A many-body dissipative particle dynamics simulation of flow performance in capillary channel

Fluid flow at the mesoscale has become an attractive topic of interest to improve the fluid transport behavior in reservoir formations. It is greatly advantageous to investigate the transport phenomena of small characteristic sizes by the many-body dissipative particle dynamics (MDPD) method. This work analyzes the wetting behavior between MDPD fluid particles and solid walls by tuning the attractive parameter, where an increase in attractive parameter value actually leads to weaker attraction in MDPD simulations. Parallel-plate flows for smooth and rough surfaces are used to investigate the transport property of MDPD fluid particles. The flow performance in capillary models is also studied.
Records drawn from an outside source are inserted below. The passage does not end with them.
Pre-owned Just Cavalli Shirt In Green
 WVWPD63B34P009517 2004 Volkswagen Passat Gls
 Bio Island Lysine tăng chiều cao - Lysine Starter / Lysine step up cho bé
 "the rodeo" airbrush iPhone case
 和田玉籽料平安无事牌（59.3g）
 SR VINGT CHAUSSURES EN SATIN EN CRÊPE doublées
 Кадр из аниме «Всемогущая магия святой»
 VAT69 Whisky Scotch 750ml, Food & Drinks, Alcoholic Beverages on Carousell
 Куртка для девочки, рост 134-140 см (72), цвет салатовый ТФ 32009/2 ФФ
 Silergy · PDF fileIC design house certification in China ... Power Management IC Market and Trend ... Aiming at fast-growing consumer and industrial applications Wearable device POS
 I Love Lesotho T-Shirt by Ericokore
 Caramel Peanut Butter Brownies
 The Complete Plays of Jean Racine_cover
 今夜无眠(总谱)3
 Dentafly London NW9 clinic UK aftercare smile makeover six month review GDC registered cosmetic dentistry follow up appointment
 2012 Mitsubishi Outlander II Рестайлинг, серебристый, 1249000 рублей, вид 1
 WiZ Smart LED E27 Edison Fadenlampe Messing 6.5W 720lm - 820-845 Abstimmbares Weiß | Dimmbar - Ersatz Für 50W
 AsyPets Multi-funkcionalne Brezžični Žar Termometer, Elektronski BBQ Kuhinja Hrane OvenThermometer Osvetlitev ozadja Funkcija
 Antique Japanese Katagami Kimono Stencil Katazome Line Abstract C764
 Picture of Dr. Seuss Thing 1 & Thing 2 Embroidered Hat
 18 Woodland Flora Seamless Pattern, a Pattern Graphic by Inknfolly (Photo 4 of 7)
Results indicate that both surface and capillary contact angles increase with the rise of the attraction parameter. For smooth and rough walls, the velocity profiles show the parabolic shape. The velocities increase with increasing levels of attraction parameters and external forces. When the wettability of the solid wall decreases (or the attraction coefficient increases), the kinetic energy of MDPD fluid particles increases in comparison to the strongest wetting. The presence of a rough wall has a noticeable effect on the velocity distribution close to the wall, while the type of wall grooves has very little effect. Moreover, the different types of grooves do not affect the center velocity too much. The displacement particle number (the number of external particles entering the monitoring range) tends to rise with increasing external pressure and capillary diameter. Some conditions, such as low surface hydrophilicity, high external pressure, and large capillary diameter, can improve the flow performance. This MDPD simulation strategy provides a systematic study of flow transport behavior at the mesoscopic scale. It also can be readily extended to investigate more complex flow in formation conditions.